Extreme Low Flows and Smallmouth Bass

N. Metz

Active Member
This year the rivers are way, way down in Minnesota. Sounds like they're low in a lot of places. The flows this June are significantly lower than they are most years at the end of August/ beginning of September when they hit annual lows. Unless we get some rain, there's barely going to be any water in the rivers by the end of summer. This summer has also been unusually hot.

The few times I have been out for Smallmouth this year, the fishing has been quite bad. Today I didn't see a single fish in the few hours I was out. Typically, especially at lower flows, I see fish when I am walking along the river quite often. My question is this: Where the hell are the fish?

The two rivers I've fished this year have lakes connected to them. One river has a few lakes connected to it. Is it likely that a lot of fish have went back into the lakes to find better conditions? Have they sought out the deepest water the can find in the river? Does anyone have any insight or experience with a similar situation? How do you change your approach to river smallies when rivers are pitifully low?

We got over an inch of rain this past weekend and I am shocked at at how low the rivers still are. I guess all the rain was absorbed by the dry ground before it made it to the river.
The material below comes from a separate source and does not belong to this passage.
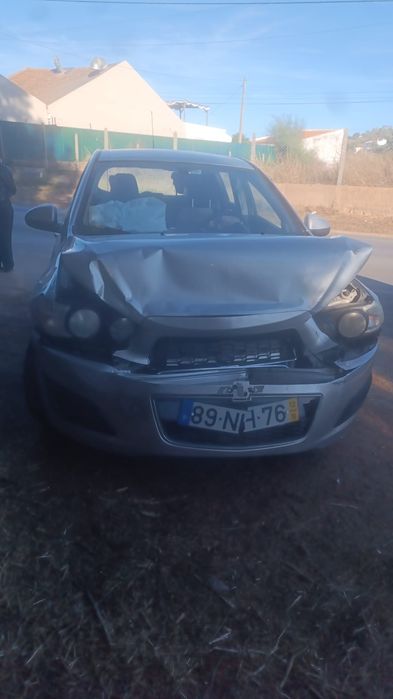Chevrolet aveo hatchback 2012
Thanks for the help everybody.

Nick
 

Stonefish

Triploid, Humpy & Seaplane Hater....Know Grizzler
I wonder if water temps don’t play a roll.
When I was there a couple weeks ago, the Mississippi water temps were like bath water.
I caught some smallies, but it wasn’t stellar.
I know bass are warmwater fish but I have to think at times they go through the doldrums based on water temps and weather.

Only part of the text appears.